Description
Version of Singularity:
What version of Singularity are you using? Run:
3.7.x
Actual behavior
It has been reported that a netpoll error panic can occur when running containers that have a large environment, on systems with a high load average. We've also had a report of what appears to be the same issue, triggered very infrequently (1 in a million executions scale) with a slightly different backtrace (it likely varies based on version of Go used to build Singularity).
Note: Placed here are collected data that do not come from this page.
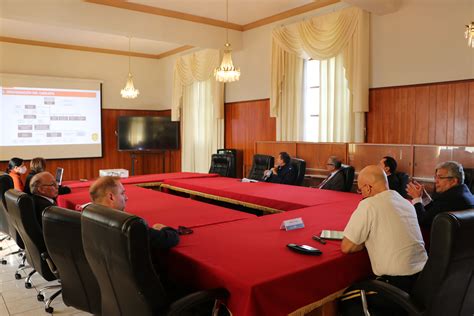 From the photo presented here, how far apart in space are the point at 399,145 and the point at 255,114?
337cm

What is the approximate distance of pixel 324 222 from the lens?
121 inches

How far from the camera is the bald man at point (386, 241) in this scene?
2.13 metres

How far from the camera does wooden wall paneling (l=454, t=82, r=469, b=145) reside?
16.3 feet

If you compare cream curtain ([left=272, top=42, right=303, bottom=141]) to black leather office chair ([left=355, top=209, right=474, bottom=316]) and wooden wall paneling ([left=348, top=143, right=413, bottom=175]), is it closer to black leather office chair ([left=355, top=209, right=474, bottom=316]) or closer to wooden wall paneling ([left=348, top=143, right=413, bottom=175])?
wooden wall paneling ([left=348, top=143, right=413, bottom=175])

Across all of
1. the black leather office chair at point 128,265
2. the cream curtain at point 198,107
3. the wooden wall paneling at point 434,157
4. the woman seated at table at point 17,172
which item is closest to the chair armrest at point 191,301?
the black leather office chair at point 128,265

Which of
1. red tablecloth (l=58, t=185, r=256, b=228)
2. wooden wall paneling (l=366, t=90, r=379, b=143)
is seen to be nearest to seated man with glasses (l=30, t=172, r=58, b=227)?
red tablecloth (l=58, t=185, r=256, b=228)

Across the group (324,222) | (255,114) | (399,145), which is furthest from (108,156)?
(324,222)

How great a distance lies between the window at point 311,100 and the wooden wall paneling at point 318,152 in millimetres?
455

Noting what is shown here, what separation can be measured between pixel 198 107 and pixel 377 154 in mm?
5059

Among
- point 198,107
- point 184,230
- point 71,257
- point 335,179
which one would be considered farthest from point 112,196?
point 198,107

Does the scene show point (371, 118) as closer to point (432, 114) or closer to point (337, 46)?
point (432, 114)

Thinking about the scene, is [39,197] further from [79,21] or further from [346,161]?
[346,161]

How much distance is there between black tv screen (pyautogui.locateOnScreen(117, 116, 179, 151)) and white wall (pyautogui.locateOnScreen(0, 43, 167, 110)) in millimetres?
839

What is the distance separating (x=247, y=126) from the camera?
8.29 metres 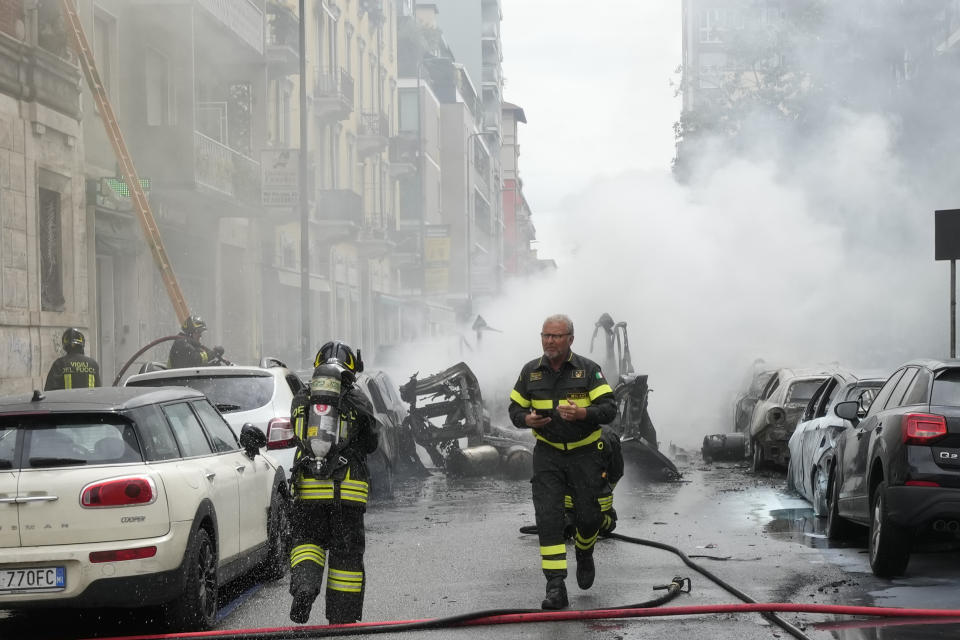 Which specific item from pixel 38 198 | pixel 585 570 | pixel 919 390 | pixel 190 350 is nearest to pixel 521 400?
pixel 585 570

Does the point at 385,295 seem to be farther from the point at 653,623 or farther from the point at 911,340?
the point at 653,623

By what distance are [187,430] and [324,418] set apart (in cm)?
161

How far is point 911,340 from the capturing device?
3647 centimetres

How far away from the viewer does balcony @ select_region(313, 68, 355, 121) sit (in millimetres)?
41594

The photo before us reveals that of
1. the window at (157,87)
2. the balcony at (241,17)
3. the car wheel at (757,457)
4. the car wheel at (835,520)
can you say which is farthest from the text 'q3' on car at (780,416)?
the balcony at (241,17)

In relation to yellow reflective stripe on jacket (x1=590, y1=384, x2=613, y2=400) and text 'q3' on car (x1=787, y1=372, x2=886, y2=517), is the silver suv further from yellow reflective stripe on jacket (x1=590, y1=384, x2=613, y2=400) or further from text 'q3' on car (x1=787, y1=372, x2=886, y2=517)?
text 'q3' on car (x1=787, y1=372, x2=886, y2=517)

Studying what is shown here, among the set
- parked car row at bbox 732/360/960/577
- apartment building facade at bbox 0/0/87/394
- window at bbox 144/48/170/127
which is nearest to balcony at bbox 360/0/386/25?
window at bbox 144/48/170/127

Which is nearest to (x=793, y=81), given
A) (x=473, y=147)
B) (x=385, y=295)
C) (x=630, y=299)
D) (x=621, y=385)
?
(x=630, y=299)

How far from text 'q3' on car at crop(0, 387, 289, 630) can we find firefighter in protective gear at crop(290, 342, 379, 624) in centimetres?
70

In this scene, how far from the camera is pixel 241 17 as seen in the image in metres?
28.3

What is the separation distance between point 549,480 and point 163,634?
90.8 inches

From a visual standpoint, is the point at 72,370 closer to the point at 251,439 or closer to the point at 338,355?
the point at 251,439

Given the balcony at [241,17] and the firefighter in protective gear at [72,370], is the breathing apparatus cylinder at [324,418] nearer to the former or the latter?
the firefighter in protective gear at [72,370]

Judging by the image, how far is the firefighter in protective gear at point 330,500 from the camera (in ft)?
22.5
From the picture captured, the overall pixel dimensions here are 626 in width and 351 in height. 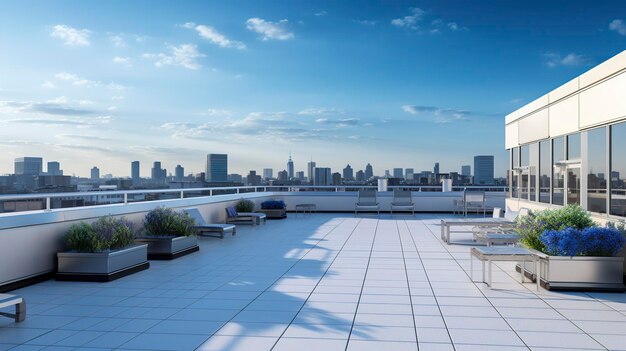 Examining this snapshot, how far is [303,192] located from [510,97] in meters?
11.0

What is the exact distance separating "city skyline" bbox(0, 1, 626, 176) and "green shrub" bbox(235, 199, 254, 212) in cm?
468

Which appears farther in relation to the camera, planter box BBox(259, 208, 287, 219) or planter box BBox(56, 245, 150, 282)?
planter box BBox(259, 208, 287, 219)

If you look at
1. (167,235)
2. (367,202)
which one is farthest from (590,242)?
(367,202)

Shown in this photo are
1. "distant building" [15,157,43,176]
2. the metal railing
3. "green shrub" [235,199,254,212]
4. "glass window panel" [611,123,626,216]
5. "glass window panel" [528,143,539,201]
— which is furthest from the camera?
"green shrub" [235,199,254,212]

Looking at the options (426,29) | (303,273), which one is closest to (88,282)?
(303,273)

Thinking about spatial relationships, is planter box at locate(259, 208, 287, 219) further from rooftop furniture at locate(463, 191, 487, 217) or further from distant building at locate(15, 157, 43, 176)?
distant building at locate(15, 157, 43, 176)

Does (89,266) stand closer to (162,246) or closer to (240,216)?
(162,246)

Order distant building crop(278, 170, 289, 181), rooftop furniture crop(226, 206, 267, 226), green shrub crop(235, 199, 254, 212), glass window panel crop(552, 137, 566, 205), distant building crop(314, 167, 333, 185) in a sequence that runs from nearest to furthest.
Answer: glass window panel crop(552, 137, 566, 205), rooftop furniture crop(226, 206, 267, 226), green shrub crop(235, 199, 254, 212), distant building crop(278, 170, 289, 181), distant building crop(314, 167, 333, 185)

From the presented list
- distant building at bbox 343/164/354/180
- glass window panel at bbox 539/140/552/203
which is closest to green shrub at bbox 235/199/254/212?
glass window panel at bbox 539/140/552/203

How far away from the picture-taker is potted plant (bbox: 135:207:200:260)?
8.62m

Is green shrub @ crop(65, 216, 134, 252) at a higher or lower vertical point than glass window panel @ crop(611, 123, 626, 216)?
lower

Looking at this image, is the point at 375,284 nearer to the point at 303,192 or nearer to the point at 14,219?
the point at 14,219

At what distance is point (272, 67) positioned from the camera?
2008 cm

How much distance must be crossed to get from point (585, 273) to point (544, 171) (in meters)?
5.12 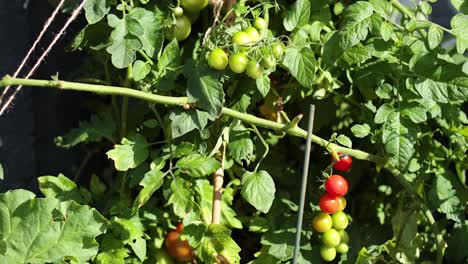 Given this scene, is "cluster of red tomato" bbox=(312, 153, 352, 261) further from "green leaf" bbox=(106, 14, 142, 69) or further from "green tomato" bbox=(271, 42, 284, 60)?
"green leaf" bbox=(106, 14, 142, 69)

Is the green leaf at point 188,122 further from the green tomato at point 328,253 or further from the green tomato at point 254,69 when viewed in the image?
the green tomato at point 328,253

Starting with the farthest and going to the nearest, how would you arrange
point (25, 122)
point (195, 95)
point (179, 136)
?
point (25, 122) → point (179, 136) → point (195, 95)

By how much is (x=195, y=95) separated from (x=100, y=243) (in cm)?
41

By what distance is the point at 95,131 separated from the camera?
1.72 m

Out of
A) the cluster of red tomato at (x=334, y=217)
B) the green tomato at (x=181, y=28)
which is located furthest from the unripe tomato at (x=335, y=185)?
the green tomato at (x=181, y=28)

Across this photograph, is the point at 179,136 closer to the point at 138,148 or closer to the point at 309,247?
the point at 138,148

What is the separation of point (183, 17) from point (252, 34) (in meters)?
0.21

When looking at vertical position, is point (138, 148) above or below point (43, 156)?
above

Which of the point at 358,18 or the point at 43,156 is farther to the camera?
the point at 43,156


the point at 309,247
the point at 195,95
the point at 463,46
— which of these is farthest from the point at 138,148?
the point at 463,46

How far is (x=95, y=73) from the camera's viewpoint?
1803 mm

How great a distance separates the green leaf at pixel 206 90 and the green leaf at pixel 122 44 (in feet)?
0.43

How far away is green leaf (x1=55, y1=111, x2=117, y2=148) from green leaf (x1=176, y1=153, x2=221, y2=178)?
0.27 meters

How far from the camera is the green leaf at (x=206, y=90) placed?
4.80 feet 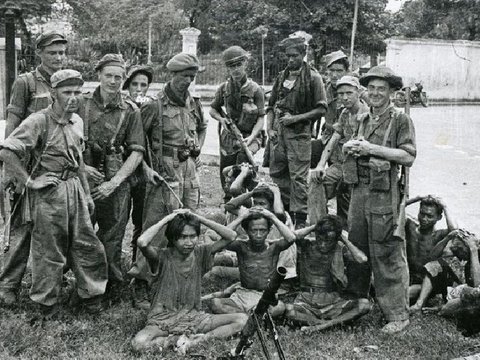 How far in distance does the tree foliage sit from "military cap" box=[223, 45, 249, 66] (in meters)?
26.1

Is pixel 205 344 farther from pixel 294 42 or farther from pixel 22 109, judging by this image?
pixel 294 42

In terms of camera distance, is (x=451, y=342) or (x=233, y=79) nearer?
(x=451, y=342)

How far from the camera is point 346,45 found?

Go is a language with a runtime that includes a parallelized garbage collector. The netpoll failure on the fd is related to a GC memory profiling operation.
When Singularity is advanced in the container setup process it must close any file descriptors that are not associated with the container, or the container setup process. The container environment is sourced by a Go embedded shell interpreter. While the Go runtime could trigger a GC / memory profiling cycle at various times, a large environment is more likely to trigger a GC cycle / GC memory profiling operation in this step.
There appears to be a conflict between Singularity identifying and closing file descriptors, and Go runtime GC operations that may occur. The Go GC cycle isn't completely 'halt the world', perhaps explaining why high load and large environment are required to trigger it, as they possibly delay the completion of the starter execution path as some of the GC stuff happens in parallel.
The following change has been observed to work around this, by disabling Go runtime GC for the short-lived starter process that closes fds and performs other final container setup:
Allow the starter to keep variables that allow us to tweak the Go runtime GC behavior for the starter process:
diff --git a/cmd/starter/c/starter.c b/cmd/starter/c/starter.c
index a99de873b..678a32e7f 100644
--- a/cmd/starter/c/starter.c
+++ b/cmd/starter/c/starter.c
@@ -975,6 +975,7 @@ static void cleanup_fd(fdlist_t *master, struct starter *starter) {
if ( starter->fds[i] == fd ) {
found = true;
/* set force close on exec */
+ debugf("Setting FD_CLOEXEC on starter fd %d\n", starter->fds[i]);
if ( fcntl(starter->fds[i], F_SETFD, FD_CLOEXEC) < 0 ) {
debugf("Can't set FD_CLOEXEC on file descriptor %d: %s\n", starter->fds[i], strerror(errno));
}
@@ -1128,9 +1129,17 @@ static void cleanenv(void) {
/*
* keep only SINGULARITY_MESSAGELEVEL for GO runtime, set others to empty
* string and not NULL (see issue #3703 for why)
+ *
+ * DCT - also keep any GOGC and GODEBUG vars for go runtime
+ * debugging purposes.
*/
for (e = environ; *e != NULL; e++) {
- if ( strncmp(MSGLVL_ENV "=", *e, sizeof(MSGLVL_ENV)) != 0 ) {
+ if ( strncmp(MSGLVL_ENV "=", *e, sizeof(MSGLVL_ENV)) == 0 ||
+ strncmp("GOGC" "=", *e, sizeof("GOGC")) == 0 ||
+ strncmp("GODEBUG" "=", *e, sizeof("GODEBUG")) == 0 ) {
+ debugf("Keeping env var %s\n", *e);
+ } else {
+ debugf("Clearing env var %s\n", *e);
*e = "";
}
}
Disable garbage collections altogether for starter by setting GOGC=off
(this is the fix/workaround)
Note the GODEBUG=
line allows finer grained debugging. In this example it's turning off GC mem profiling and instructing Go to print a trace of any GC operations. If the GOGC=off
is present this shouldn't do anything.
diff --git a/internal/pkg/util/starter/starter.go b/internal/pkg/util/starter/starter.go
index e87abead3..92cca08cf 100644
--- a/internal/pkg/util/starter/starter.go
+++ b/internal/pkg/util/starter/starter.go
@@ -89,6 +89,10 @@ func Exec(name string, config *config.Common, ops ...CommandOp) error {
if err := c.init(config, ops...); err != nil {
return fmt.Errorf("while initializing starter command: %s", err)
}
+ sylog.Debugf("Setting GOGC=off for starter")
+ c.env = append(c.env, "GOGC=off")
+ sylog.Debugf("Setting GODEBUG=memprofilerate=0,gctrace=1 for starter")
+ c.env = append(c.env, "GODEBUG=memprofilerate=0,gctrace=1")
err := unix.Exec(c.path, []string{name}, c.env)
return fmt.Errorf("while executing %s: %s", c.path, err)
}